Porque, ¿que ganamos con ello? Así pues, contaré que, al lado de casa, había
una fábrica de barriles. Una tonelería. Yo tendría siete, ocho años, y era
amigo de los toneleros. La madera se aserraba y cortaba en listones. Podía allí
entrar y salir a mi antojo. Como me gustaba el olor de la madera recién
cortada. Para alabear la madera se sumergía en una cuba de agua y así después
se le daba la forma curva que exigen las barricas, abrazando los listones con
los aros metálicos y secándolos al calor del fuego. En conjunción, agua, fuego
y madera recién cortada despiden un dolor intenso y sensual. Los toneleros me
hacían con sus útiles de carpintería magníficas espadas de madera con las que,
saltando por entre los olivos, emulaba luego al Capitán Trueno. Alrededor de la
tonelería se formaban ondulantes colinas de serrín, altas y de pendiente suave.
Más divertido aún que montarse en el más excitante cacharrito de feria resulta
el juego que me permitían los Toneleros. Consistía este en meterme yo, hecho un
ovillo, en un barril sin tapa, ni fondo, deslizarme rodando dentro de desde lo
alto de la colina.
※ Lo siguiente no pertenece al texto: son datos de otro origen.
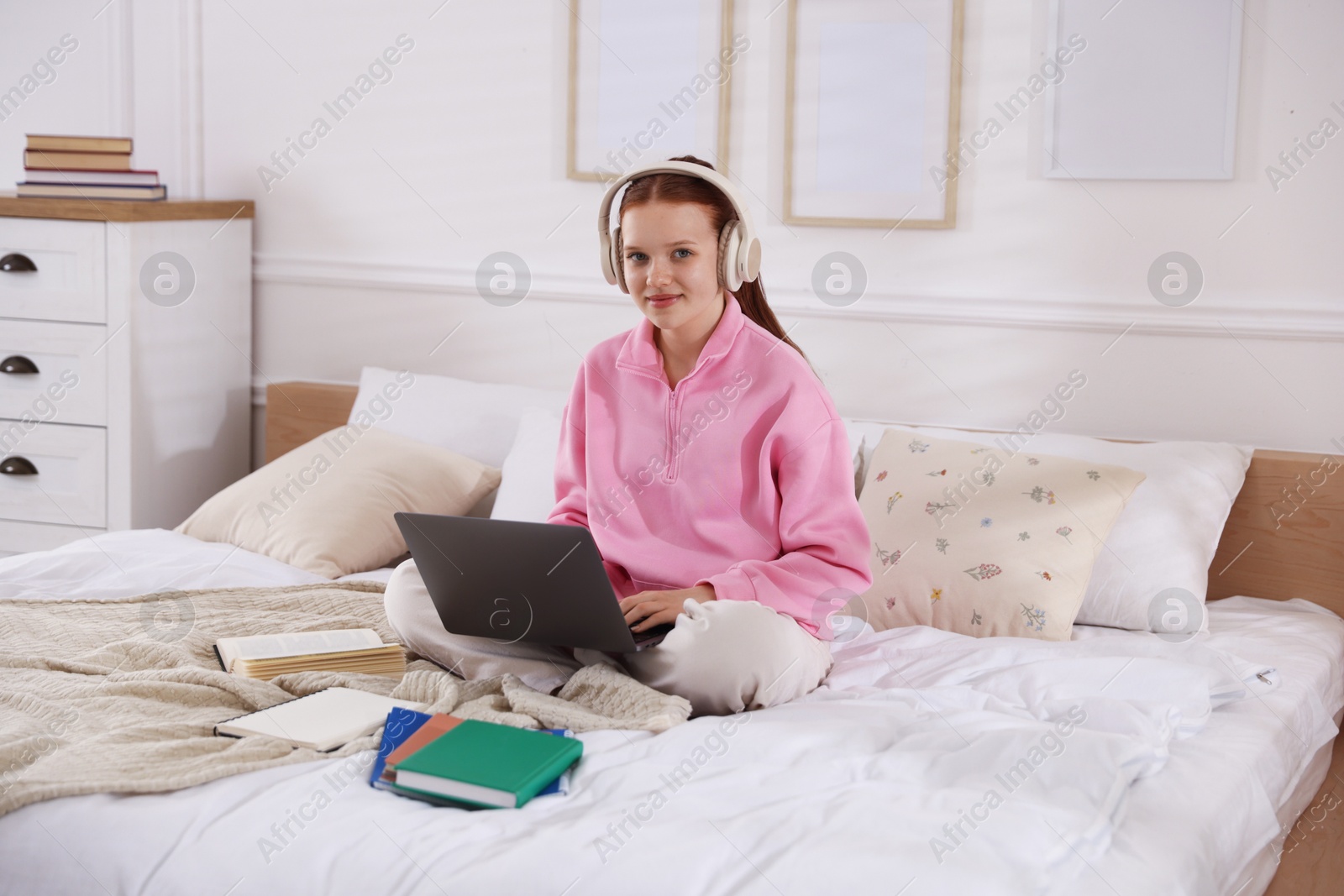Teenage student in headphones using laptop while studying on bed at home Photo of Teenage student in headphones using laptop while studying on bed at home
El barril iba cogiendo cada vez más velocidad. Qué vértigo.
Una niña delgaducha y pecosa del pueblo miraba mi juego con envidia. Con
generosidad, la dejé desde entonces entrar conmigo en el barril. Risas y
sofocos, y el juego todavía más excitante. Las huríes, si no en mi jardín,
estaban ya a su lado, en las suaves colinas del Paraíso.
Fernando Ortiz
siempre bien lo escrito ,Fernando.y la niñez perdida lo mejora.